State Rep. Doug Cox, an emergency room physician, said he understood the concerns being voiced by nurse practitioners, but said many private insurance companies reimburse mid-level medical professions at 85 percent.

“A majority of insurance companies don’t reimburse nurse practitioners at 100 percent,” Cox, R-Grove, said. “The Health Care Authority’s proposal would bring them in line with what is pretty much standard. It doesn’t bother me that they would be reimbursed at a lower rate than a physician.”

Still, Cox acknowledged that a 15 percent cut in rates could harm rural independent medical clinics.

“I am concerned that the cuts could put the clinics in a financial hardship,” he said. “There are those who say these people are crying because they don’t want their budgets cut, but this is real problem.

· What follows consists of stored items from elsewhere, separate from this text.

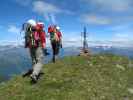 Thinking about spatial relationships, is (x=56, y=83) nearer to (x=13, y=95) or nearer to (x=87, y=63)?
(x=13, y=95)

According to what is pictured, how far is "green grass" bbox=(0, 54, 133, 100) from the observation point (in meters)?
16.0

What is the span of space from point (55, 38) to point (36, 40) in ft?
29.3

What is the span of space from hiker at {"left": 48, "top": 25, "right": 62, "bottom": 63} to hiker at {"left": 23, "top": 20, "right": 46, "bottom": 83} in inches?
322

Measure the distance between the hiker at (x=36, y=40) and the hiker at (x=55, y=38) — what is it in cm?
818

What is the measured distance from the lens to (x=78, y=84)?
17453 millimetres

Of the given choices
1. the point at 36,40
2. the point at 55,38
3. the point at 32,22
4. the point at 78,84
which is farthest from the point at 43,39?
the point at 55,38

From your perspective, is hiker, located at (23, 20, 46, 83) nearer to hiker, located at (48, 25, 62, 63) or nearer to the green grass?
the green grass

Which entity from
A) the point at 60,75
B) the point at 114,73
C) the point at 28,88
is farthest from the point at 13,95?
the point at 114,73

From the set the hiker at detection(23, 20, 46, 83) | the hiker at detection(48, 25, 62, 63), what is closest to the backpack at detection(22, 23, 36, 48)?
the hiker at detection(23, 20, 46, 83)

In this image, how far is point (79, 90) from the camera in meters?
16.5

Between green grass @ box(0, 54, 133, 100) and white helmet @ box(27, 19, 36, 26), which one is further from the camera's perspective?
white helmet @ box(27, 19, 36, 26)

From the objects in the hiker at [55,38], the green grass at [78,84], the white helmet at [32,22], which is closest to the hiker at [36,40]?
the white helmet at [32,22]

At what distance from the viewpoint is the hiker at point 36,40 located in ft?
60.6

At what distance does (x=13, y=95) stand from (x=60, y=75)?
13.0ft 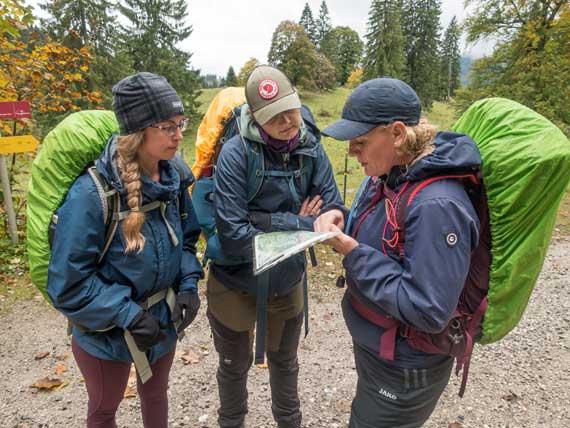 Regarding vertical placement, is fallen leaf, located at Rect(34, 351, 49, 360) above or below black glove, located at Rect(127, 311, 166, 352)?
below

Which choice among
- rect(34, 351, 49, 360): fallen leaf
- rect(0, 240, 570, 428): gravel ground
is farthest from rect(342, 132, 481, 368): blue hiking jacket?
rect(34, 351, 49, 360): fallen leaf

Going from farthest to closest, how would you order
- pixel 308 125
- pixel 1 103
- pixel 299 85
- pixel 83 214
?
1. pixel 299 85
2. pixel 1 103
3. pixel 308 125
4. pixel 83 214

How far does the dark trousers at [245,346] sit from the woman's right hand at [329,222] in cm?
79

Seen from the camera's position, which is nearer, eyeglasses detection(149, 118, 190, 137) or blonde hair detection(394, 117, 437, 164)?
blonde hair detection(394, 117, 437, 164)

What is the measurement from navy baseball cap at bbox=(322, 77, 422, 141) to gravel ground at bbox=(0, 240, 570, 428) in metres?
2.64

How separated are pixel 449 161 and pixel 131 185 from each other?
1.58 metres

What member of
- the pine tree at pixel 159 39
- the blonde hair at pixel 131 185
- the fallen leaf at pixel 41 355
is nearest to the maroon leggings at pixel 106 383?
the blonde hair at pixel 131 185

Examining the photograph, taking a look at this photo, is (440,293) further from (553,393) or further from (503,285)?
(553,393)

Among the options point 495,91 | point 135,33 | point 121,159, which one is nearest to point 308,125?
point 121,159

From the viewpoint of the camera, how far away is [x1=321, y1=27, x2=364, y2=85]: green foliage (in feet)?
226

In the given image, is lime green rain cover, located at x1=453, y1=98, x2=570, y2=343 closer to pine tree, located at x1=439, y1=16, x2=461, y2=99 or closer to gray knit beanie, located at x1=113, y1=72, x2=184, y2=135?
gray knit beanie, located at x1=113, y1=72, x2=184, y2=135

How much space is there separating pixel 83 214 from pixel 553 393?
433 cm

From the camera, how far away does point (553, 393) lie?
3.68 m

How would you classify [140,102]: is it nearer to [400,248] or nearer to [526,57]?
[400,248] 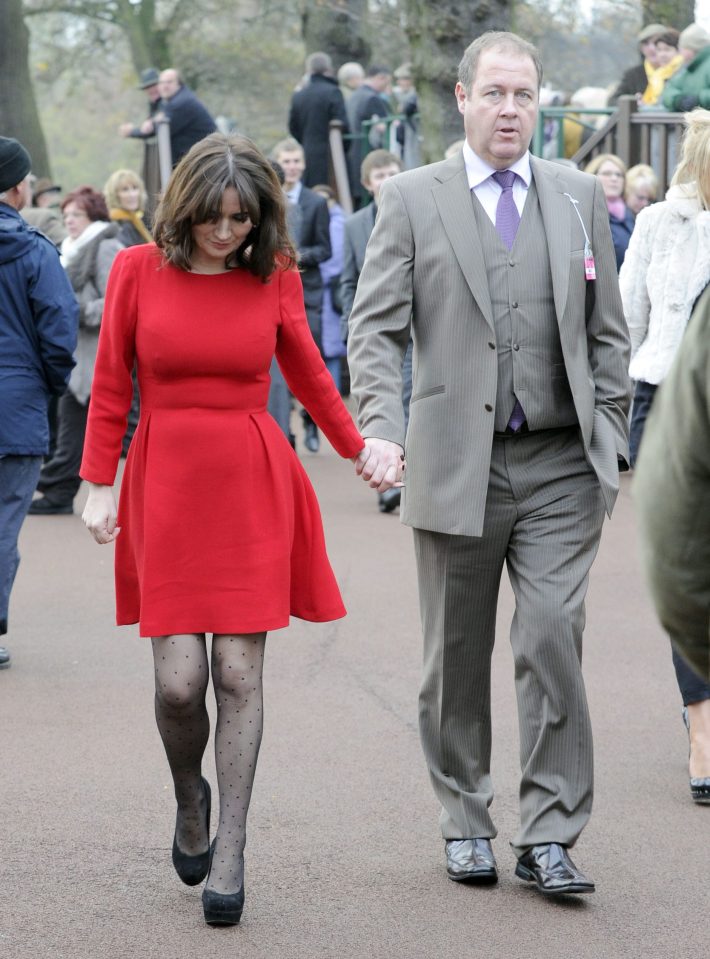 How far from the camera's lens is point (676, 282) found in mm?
6402

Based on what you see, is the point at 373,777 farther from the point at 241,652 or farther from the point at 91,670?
the point at 91,670

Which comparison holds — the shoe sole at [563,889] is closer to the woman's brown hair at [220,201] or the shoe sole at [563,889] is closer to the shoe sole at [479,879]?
the shoe sole at [479,879]

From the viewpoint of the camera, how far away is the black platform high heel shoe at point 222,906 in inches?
167

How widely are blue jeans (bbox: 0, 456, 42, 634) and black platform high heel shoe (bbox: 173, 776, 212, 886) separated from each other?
2.75 meters

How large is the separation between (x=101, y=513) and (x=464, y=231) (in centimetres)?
122

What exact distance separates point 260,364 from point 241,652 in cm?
75

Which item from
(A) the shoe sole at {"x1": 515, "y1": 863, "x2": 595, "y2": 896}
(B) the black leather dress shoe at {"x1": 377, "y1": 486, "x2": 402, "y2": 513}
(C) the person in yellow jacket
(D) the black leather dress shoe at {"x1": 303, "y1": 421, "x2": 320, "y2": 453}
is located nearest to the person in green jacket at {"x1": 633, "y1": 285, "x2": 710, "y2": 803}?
(A) the shoe sole at {"x1": 515, "y1": 863, "x2": 595, "y2": 896}

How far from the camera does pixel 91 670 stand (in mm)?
7113

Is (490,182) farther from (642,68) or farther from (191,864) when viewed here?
(642,68)

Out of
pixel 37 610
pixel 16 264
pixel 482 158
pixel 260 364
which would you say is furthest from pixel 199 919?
pixel 37 610

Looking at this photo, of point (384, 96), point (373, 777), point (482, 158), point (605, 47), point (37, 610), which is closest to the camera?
point (482, 158)

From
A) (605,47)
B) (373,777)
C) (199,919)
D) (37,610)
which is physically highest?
(199,919)

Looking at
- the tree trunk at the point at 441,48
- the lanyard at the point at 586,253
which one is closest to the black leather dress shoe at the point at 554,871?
the lanyard at the point at 586,253

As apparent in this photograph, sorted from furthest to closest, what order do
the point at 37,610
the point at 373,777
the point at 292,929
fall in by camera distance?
1. the point at 37,610
2. the point at 373,777
3. the point at 292,929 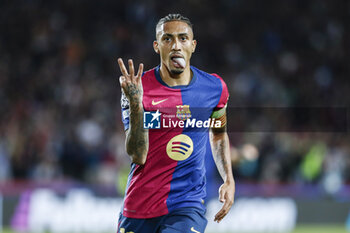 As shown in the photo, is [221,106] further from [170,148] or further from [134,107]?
[134,107]

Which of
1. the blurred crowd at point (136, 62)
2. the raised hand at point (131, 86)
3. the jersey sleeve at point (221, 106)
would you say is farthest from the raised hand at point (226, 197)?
the blurred crowd at point (136, 62)

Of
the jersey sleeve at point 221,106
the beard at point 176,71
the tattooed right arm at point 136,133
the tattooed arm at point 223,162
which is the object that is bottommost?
the tattooed arm at point 223,162

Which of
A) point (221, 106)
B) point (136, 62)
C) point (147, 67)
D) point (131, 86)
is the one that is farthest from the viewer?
point (136, 62)

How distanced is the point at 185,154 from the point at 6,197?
842 cm

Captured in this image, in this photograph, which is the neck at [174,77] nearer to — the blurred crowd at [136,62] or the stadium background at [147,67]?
the blurred crowd at [136,62]

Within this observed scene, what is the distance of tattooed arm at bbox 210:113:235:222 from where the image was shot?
4.86 meters

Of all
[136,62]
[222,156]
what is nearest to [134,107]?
[222,156]

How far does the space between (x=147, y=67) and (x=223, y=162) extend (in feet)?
36.0

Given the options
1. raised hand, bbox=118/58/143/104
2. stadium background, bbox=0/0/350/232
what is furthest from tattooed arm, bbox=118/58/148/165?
stadium background, bbox=0/0/350/232

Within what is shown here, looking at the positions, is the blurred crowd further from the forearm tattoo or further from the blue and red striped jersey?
the blue and red striped jersey

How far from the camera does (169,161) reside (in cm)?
480

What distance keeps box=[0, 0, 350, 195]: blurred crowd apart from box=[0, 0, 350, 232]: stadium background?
0.03 m

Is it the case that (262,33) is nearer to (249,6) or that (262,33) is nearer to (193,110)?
(249,6)

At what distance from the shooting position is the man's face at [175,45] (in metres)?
4.88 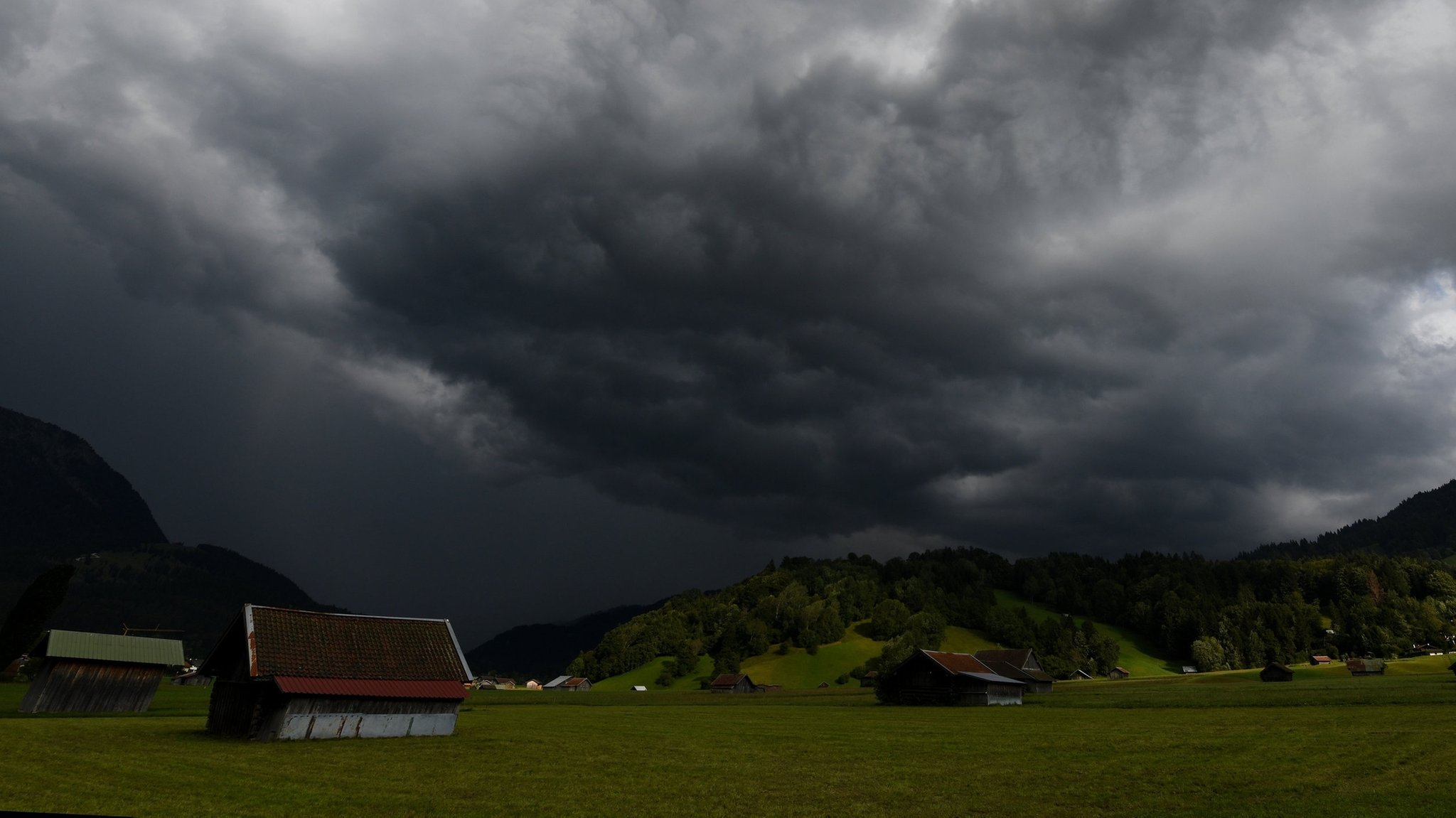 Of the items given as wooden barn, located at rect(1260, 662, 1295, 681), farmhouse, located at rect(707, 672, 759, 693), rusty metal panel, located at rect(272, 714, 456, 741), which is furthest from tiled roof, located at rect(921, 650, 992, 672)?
farmhouse, located at rect(707, 672, 759, 693)

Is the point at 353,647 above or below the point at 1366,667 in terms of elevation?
below

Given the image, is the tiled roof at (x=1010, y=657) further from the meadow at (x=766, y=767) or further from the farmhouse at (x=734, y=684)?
the farmhouse at (x=734, y=684)

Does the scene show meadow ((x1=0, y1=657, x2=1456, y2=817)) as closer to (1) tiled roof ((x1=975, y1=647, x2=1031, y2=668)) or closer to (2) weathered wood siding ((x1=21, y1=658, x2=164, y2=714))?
(2) weathered wood siding ((x1=21, y1=658, x2=164, y2=714))

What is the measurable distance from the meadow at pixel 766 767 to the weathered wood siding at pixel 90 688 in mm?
4420

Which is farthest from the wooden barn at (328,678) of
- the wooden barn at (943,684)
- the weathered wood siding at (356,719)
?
the wooden barn at (943,684)

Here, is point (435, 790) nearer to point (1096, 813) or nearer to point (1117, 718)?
point (1096, 813)

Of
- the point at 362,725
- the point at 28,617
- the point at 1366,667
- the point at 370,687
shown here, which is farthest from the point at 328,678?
the point at 1366,667

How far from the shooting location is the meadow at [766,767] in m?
23.9

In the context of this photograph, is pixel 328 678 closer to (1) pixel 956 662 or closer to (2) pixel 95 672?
(2) pixel 95 672

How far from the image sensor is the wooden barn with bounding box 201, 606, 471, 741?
1697 inches

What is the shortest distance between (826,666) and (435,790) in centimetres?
17660

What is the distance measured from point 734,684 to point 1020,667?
2800 inches

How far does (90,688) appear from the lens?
59969 mm

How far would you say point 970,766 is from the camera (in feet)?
111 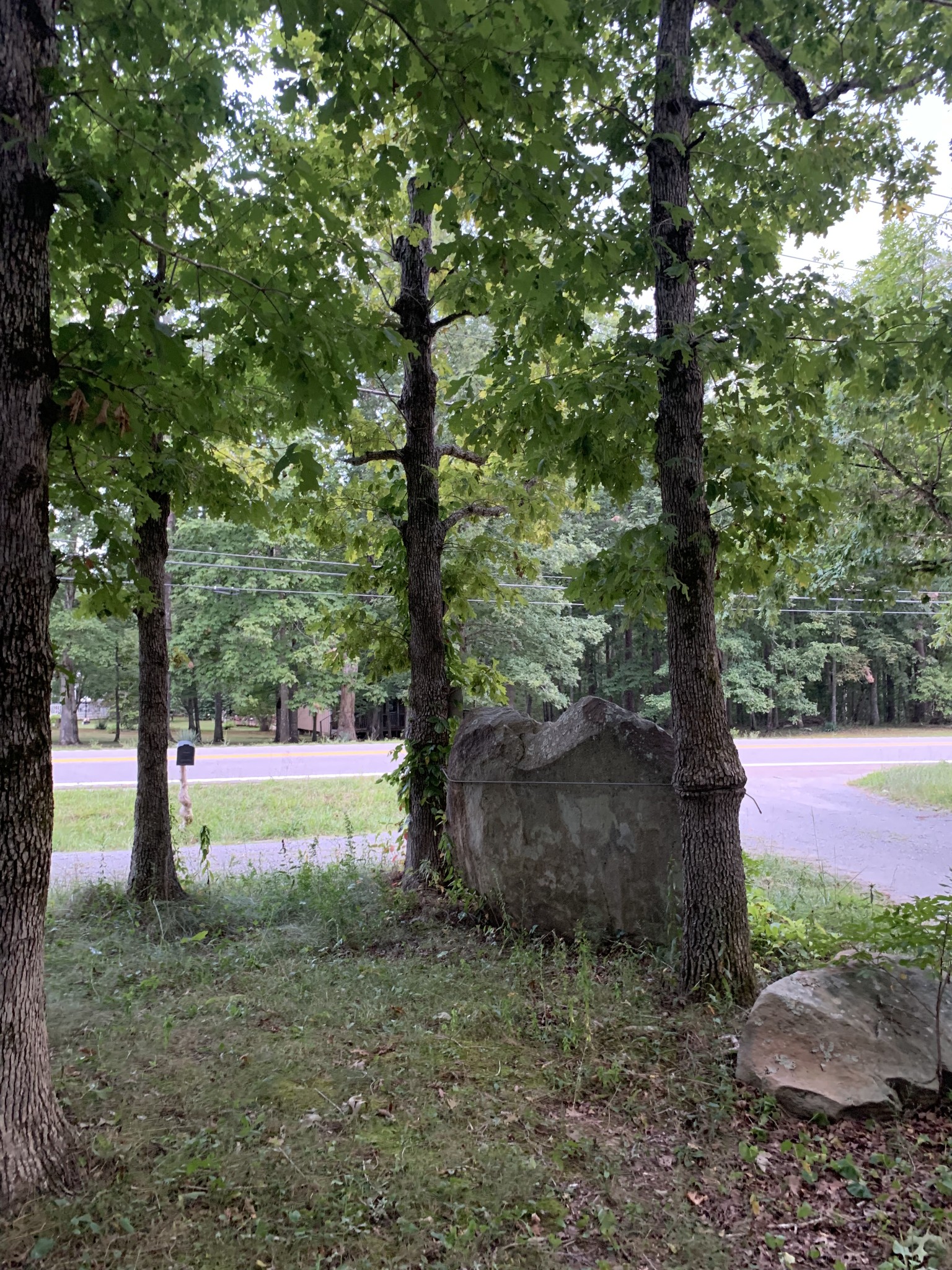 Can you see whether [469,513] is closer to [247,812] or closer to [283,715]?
[247,812]

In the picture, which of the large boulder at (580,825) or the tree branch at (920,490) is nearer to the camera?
the large boulder at (580,825)

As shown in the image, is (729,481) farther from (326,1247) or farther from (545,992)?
(326,1247)

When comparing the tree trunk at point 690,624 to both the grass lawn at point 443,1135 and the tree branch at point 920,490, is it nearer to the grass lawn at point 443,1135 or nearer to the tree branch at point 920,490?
the grass lawn at point 443,1135

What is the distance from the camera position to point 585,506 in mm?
8422

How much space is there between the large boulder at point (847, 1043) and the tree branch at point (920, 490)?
520 centimetres

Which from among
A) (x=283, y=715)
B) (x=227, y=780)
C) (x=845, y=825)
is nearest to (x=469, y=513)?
(x=845, y=825)

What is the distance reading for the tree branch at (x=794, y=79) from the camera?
15.0 feet

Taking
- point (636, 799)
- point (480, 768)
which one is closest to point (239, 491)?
point (480, 768)


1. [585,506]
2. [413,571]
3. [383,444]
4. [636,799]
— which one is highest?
[383,444]

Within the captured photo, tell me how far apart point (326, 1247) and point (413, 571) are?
5663mm

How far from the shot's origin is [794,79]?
4.64 metres

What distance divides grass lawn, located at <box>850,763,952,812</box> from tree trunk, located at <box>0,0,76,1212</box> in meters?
15.0

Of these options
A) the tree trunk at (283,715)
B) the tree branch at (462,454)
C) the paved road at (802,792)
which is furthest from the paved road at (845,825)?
Answer: the tree trunk at (283,715)

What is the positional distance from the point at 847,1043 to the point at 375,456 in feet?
19.8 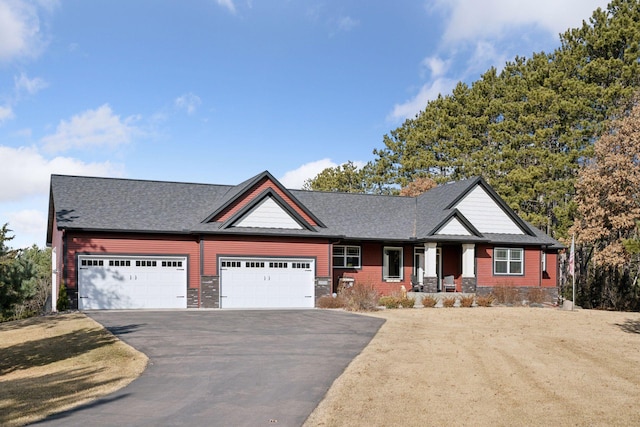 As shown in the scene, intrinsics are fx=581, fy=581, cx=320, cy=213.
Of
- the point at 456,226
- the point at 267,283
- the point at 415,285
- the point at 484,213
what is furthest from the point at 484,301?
the point at 267,283

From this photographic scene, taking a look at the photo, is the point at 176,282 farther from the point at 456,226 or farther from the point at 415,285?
the point at 456,226

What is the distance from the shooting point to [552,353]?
625 inches

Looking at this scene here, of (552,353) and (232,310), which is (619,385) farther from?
(232,310)

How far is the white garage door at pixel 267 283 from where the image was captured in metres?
28.4

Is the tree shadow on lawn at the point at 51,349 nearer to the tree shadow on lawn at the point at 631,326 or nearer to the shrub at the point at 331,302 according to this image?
the shrub at the point at 331,302

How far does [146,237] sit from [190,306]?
12.9ft

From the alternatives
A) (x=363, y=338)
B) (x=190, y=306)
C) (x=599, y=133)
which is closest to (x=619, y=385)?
(x=363, y=338)

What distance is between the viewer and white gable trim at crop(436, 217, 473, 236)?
32.2m

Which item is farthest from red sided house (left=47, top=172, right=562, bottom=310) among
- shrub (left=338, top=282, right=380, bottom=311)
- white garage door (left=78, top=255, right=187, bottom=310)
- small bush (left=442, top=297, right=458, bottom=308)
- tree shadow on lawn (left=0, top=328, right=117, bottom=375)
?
tree shadow on lawn (left=0, top=328, right=117, bottom=375)

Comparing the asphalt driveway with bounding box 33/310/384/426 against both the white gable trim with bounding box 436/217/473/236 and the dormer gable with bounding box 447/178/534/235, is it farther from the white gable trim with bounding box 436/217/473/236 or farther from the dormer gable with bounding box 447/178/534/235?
the dormer gable with bounding box 447/178/534/235

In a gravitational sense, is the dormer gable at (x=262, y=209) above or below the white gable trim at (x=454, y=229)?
above

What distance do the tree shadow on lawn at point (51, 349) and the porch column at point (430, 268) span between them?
17845 mm

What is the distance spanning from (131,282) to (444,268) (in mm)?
17527

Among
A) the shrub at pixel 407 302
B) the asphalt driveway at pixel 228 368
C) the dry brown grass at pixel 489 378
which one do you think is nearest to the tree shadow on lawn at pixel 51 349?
the asphalt driveway at pixel 228 368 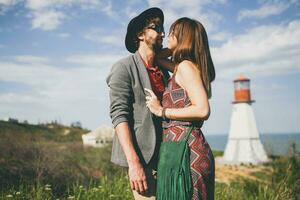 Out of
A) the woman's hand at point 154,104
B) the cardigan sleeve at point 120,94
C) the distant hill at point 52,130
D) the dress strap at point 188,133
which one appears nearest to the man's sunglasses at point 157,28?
the cardigan sleeve at point 120,94

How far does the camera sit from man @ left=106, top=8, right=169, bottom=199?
2.90 metres

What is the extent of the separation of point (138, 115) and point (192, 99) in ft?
1.62

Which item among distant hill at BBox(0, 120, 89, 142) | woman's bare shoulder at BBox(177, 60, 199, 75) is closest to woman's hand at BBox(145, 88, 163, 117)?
woman's bare shoulder at BBox(177, 60, 199, 75)

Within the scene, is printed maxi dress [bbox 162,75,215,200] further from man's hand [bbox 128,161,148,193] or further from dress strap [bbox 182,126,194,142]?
man's hand [bbox 128,161,148,193]

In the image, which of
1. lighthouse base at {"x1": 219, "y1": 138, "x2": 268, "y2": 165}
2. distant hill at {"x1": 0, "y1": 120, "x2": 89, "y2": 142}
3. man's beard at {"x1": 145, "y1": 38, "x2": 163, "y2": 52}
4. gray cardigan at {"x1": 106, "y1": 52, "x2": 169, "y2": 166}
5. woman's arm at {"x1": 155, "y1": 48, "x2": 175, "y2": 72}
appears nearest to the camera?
gray cardigan at {"x1": 106, "y1": 52, "x2": 169, "y2": 166}

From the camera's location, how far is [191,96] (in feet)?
9.30

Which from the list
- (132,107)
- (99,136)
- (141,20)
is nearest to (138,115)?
(132,107)

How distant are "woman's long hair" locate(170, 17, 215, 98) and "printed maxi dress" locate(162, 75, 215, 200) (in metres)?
0.19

I understand that.”

Should clinics close, Cox and Pratt-Reid others predicted patients would turn to hospital emergency rooms for service.

“If I treat someone with a sore throat, it’s probably an $85 cost,” Pratt-Reid said.

“But if they go to an emergency room for a sore throat, it’s going to cost $1,000.”

Cox agreed. He said he has seen increased usage of emergency rooms by Medicaid patients.

“They will go there or to a federally qualified health care center,” he said. “The problem is a lack of money – it’s not there. I don’t have an answer.”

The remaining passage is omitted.